**What is needed**
From the line that has "Image of The Residence at Chadds Ford (3)" down to the last line of the data below, set down every line exactly, but none of the pictures.

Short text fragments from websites
+++++

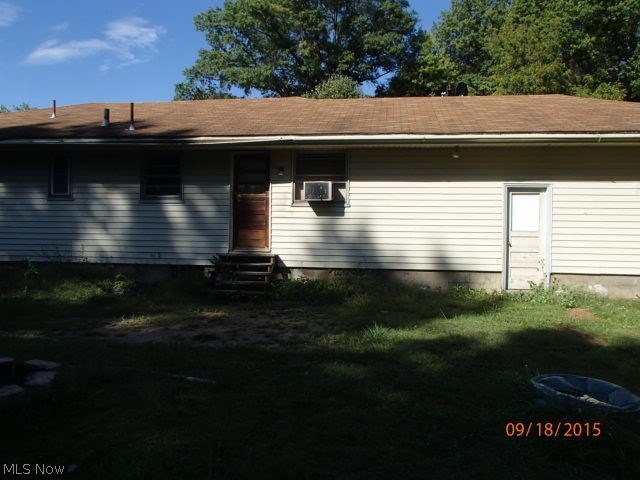 Riachy 1 - Residential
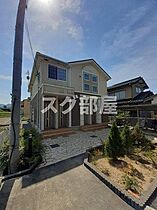 サニーハイツ・カラフルＢ 201 ｜ 兵庫県朝来市和田山町玉置字村前629-2（賃貸アパート1LDK・2階・42.37㎡） その12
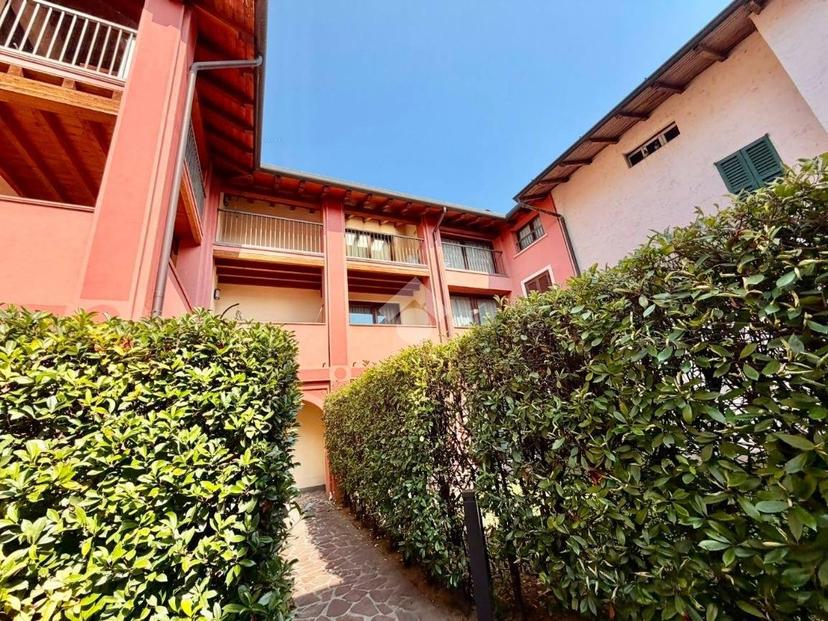 Bilocale vicolo Tebaide 24, Centro, Caravaggio — foto 21 di 28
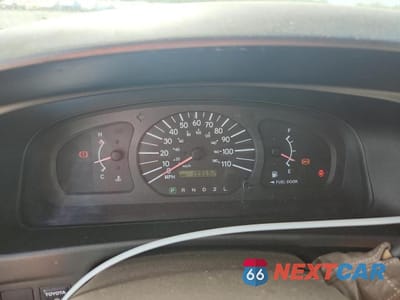 Zdjęcie 9 z 12 samochodu: 1999 TOYOTA SIENNA CE VIN:4T3ZF19C2XU107288 - miniatura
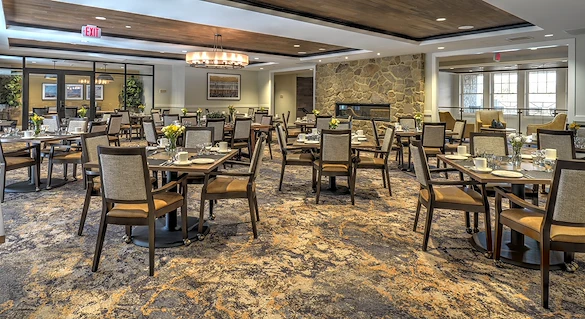 Image of The Residence at Chadds Ford (3)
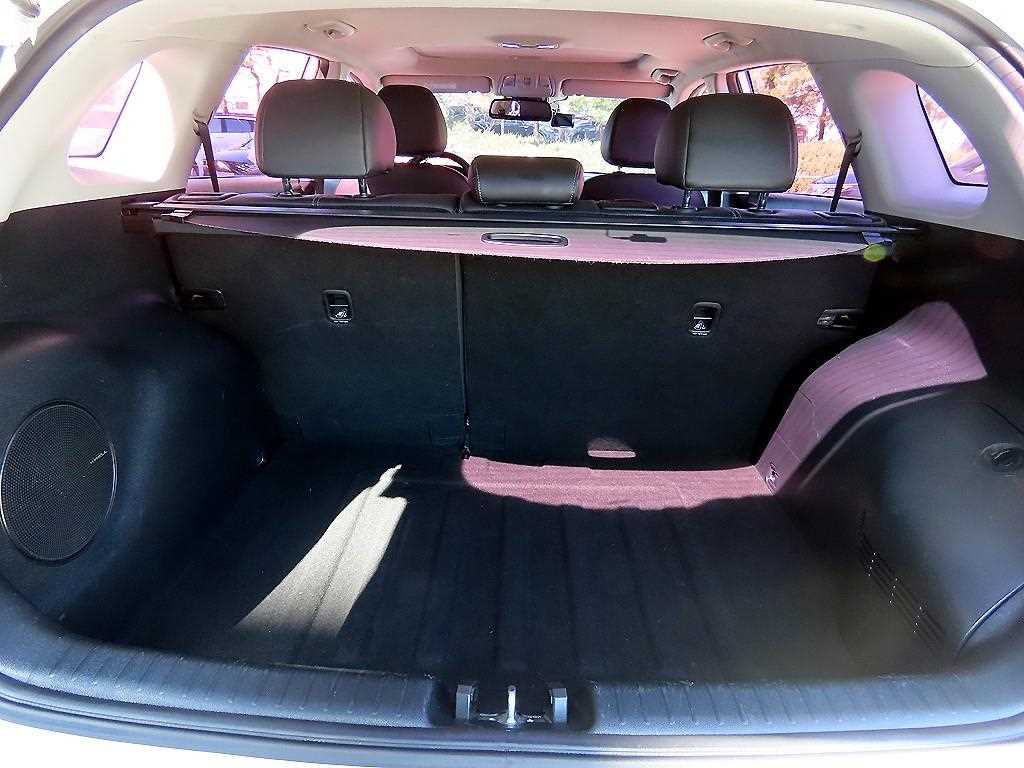 KIA Niro 2017 Blanco - Importación desde Corea - HF Imports Iquique - Foto 18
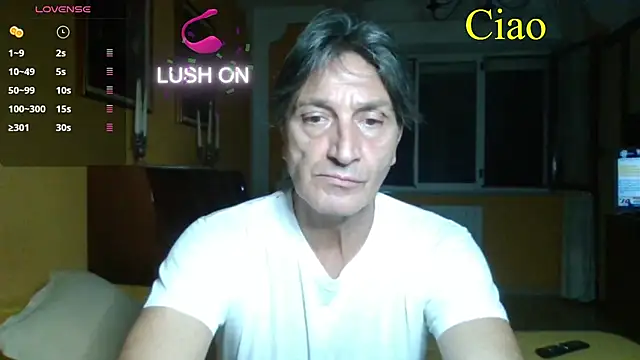 lattediyak Webcam show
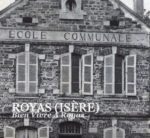 Le site officiel de Royas (Isère)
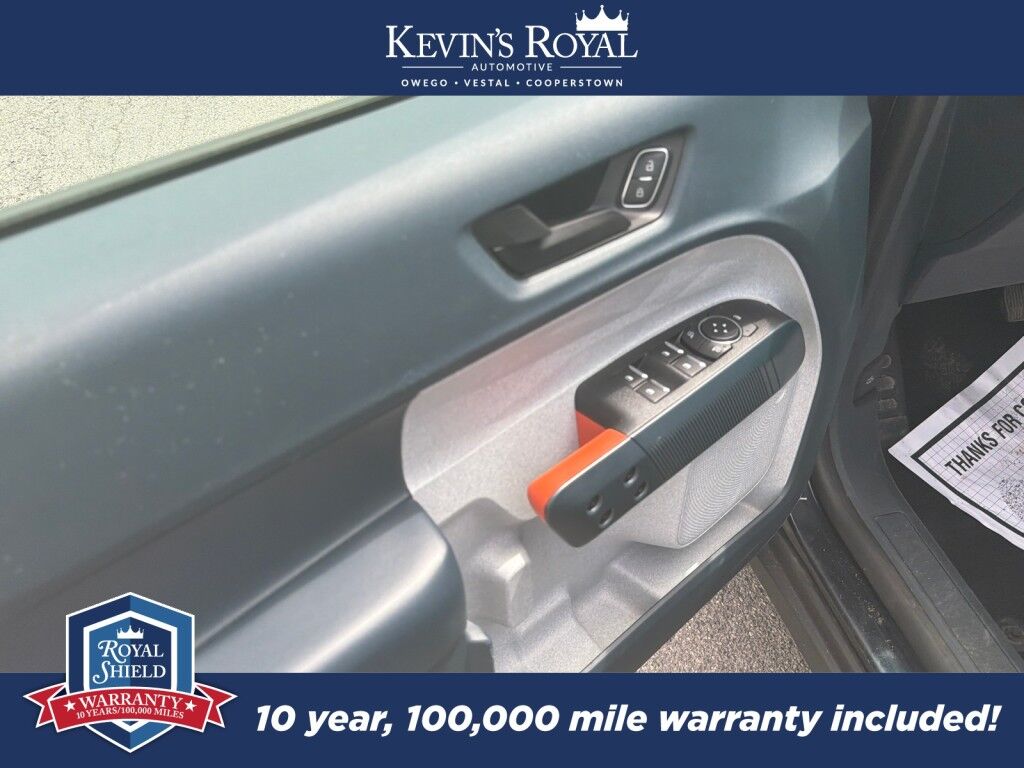 2022 Ford Maverick XLT Cooperstown NY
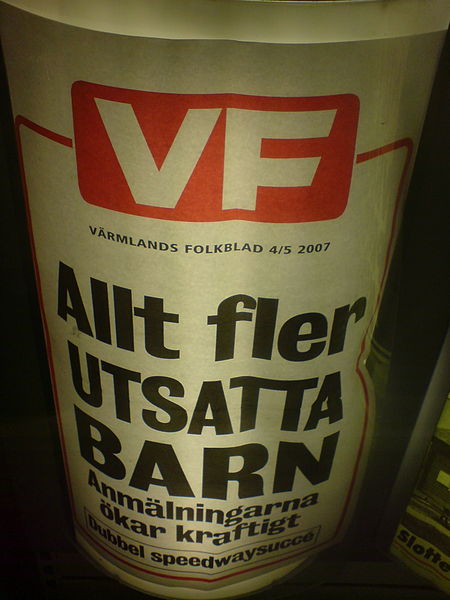 Fil:Varmlands Folkblad 4 maj 2007 (516288764).jpg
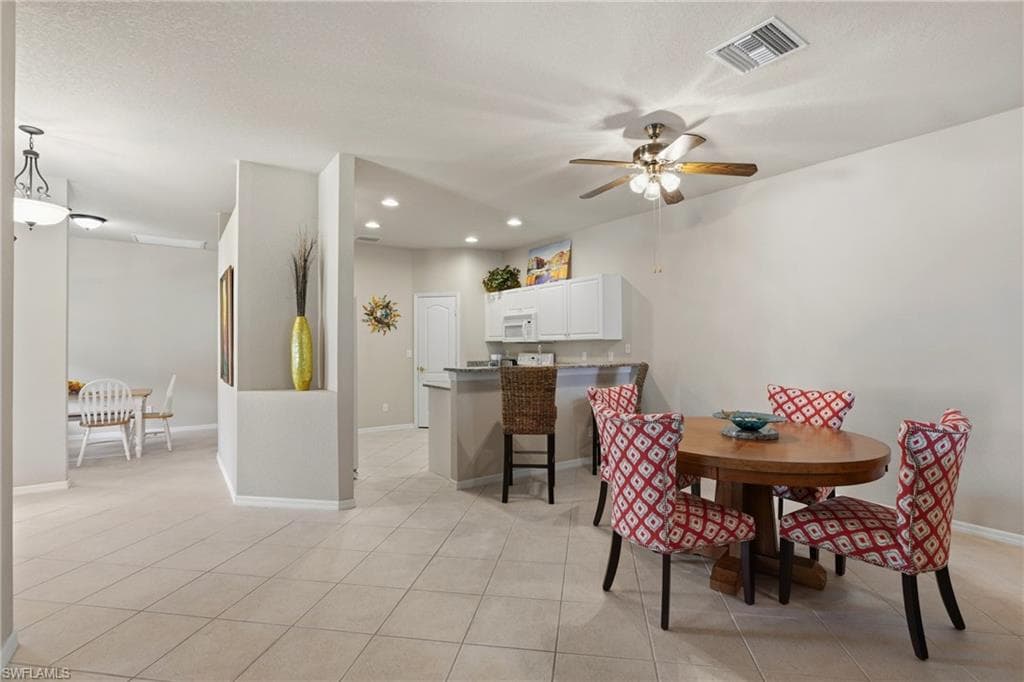 Kitchen/Nook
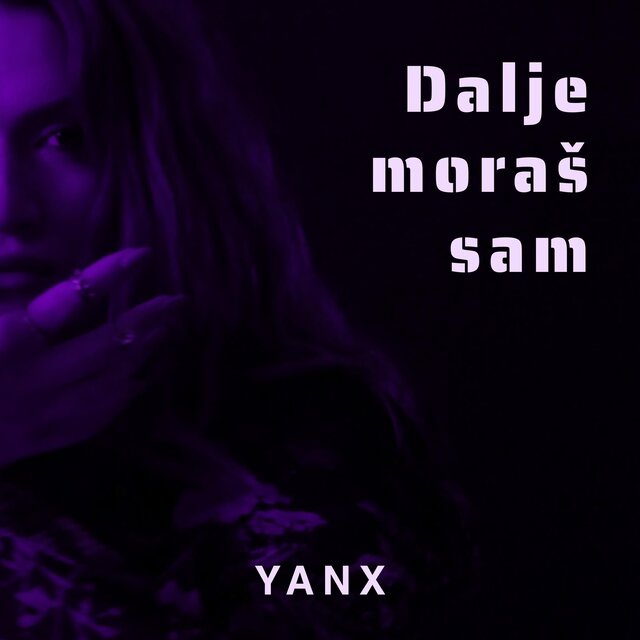 Dalje moraš sam
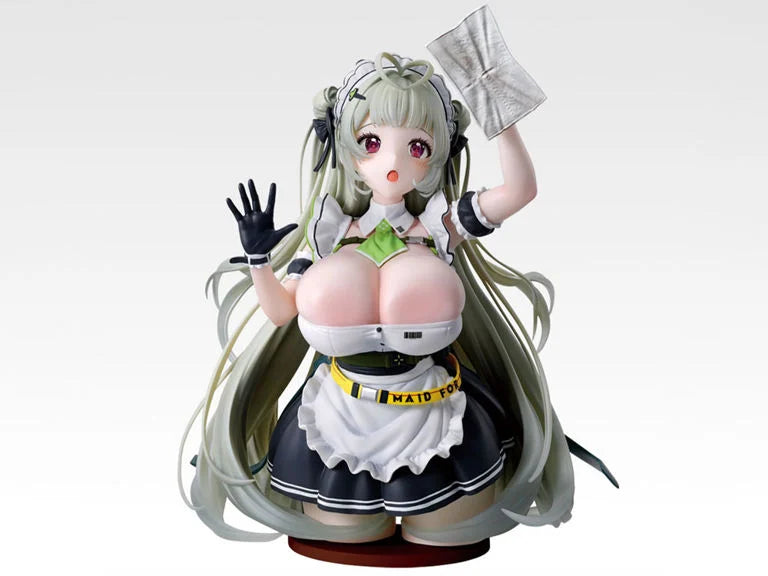 Goddess of Victory Nikke Ichibansho Soda (Chapter 7) Figure – USA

+++++

**Your solution**
 Image of The Residence at Chadds Ford (3)
 KIA Niro 2017 Blanco - Importación desde Corea - HF Imports Iquique - Foto 18
 lattediyak Webcam show
 Le site officiel de Royas (Isère)
 2022 Ford Maverick XLT Cooperstown NY
 Fil:Varmlands Folkblad 4 maj 2007 (516288764).jpg
 Kitchen/Nook
 Dalje moraš sam
 Goddess of Victory Nikke Ichibansho Soda (Chapter 7) Figure – USA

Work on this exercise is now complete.